> [Source data]
# # # # # # #

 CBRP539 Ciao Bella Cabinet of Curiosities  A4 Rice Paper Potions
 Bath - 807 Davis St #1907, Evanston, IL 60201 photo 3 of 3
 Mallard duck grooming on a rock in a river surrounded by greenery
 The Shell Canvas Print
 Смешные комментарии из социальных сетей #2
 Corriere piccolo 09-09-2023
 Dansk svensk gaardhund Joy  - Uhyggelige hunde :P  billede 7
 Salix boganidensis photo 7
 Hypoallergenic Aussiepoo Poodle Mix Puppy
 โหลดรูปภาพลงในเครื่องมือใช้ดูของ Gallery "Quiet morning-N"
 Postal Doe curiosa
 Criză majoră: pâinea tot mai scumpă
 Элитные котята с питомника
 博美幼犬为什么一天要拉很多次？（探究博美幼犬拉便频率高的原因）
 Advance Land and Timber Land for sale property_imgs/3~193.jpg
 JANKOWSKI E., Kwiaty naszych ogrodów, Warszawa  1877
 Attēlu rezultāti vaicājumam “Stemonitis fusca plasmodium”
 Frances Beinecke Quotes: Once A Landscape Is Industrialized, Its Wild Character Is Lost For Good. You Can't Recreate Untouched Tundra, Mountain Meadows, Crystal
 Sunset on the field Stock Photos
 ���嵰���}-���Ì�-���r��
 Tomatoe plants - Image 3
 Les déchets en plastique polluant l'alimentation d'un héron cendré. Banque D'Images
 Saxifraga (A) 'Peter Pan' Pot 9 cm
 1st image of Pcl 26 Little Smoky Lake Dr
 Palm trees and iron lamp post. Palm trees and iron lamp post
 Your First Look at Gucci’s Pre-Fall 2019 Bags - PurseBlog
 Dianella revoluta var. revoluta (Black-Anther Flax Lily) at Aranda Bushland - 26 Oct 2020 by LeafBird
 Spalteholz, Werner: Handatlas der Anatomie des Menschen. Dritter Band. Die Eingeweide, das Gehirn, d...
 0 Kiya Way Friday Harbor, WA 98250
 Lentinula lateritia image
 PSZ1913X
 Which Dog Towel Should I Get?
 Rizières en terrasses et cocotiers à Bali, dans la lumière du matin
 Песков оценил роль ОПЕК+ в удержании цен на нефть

# # # # # # #

> [PROBLEM TO SOLVE] Set the data down once more, exactly as it stands.

> [ANSWER TO THIS PROBLEM]
 CBRP539 Ciao Bella Cabinet of Curiosities  A4 Rice Paper Potions
 Bath - 807 Davis St #1907, Evanston, IL 60201 photo 3 of 3
 Mallard duck grooming on a rock in a river surrounded by greenery
 The Shell Canvas Print
 Смешные комментарии из социальных сетей #2
 Corriere piccolo 09-09-2023
 Dansk svensk gaardhund Joy  - Uhyggelige hunde :P  billede 7
 Salix boganidensis photo 7
 Hypoallergenic Aussiepoo Poodle Mix Puppy
 โหลดรูปภาพลงในเครื่องมือใช้ดูของ Gallery "Quiet morning-N"
 Postal Doe curiosa
 Criză majoră: pâinea tot mai scumpă
 Элитные котята с питомника
 博美幼犬为什么一天要拉很多次？（探究博美幼犬拉便频率高的原因）
 Advance Land and Timber Land for sale property_imgs/3~193.jpg
 JANKOWSKI E., Kwiaty naszych ogrodów, Warszawa  1877
 Attēlu rezultāti vaicājumam “Stemonitis fusca plasmodium”
 Frances Beinecke Quotes: Once A Landscape Is Industrialized, Its Wild Character Is Lost For Good. You Can't Recreate Untouched Tundra, Mountain Meadows, Crystal
 Sunset on the field Stock Photos
 ���嵰���}-���Ì�-���r��
 Tomatoe plants - Image 3
 Les déchets en plastique polluant l'alimentation d'un héron cendré. Banque D'Images
 Saxifraga (A) 'Peter Pan' Pot 9 cm
 1st image of Pcl 26 Little Smoky Lake Dr
 Palm trees and iron lamp post. Palm trees and iron lamp post
 Your First Look at Gucci’s Pre-Fall 2019 Bags - PurseBlog
 Dianella revoluta var. revoluta (Black-Anther Flax Lily) at Aranda Bushland - 26 Oct 2020 by LeafBird
 Spalteholz, Werner: Handatlas der Anatomie des Menschen. Dritter Band. Die Eingeweide, das Gehirn, d...
 0 Kiya Way Friday Harbor, WA 98250
 Lentinula lateritia image
 PSZ1913X
 Which Dog Towel Should I Get?
 Rizières en terrasses et cocotiers à Bali, dans la lumière du matin
 Песков оценил роль ОПЕК+ в удержании цен на нефть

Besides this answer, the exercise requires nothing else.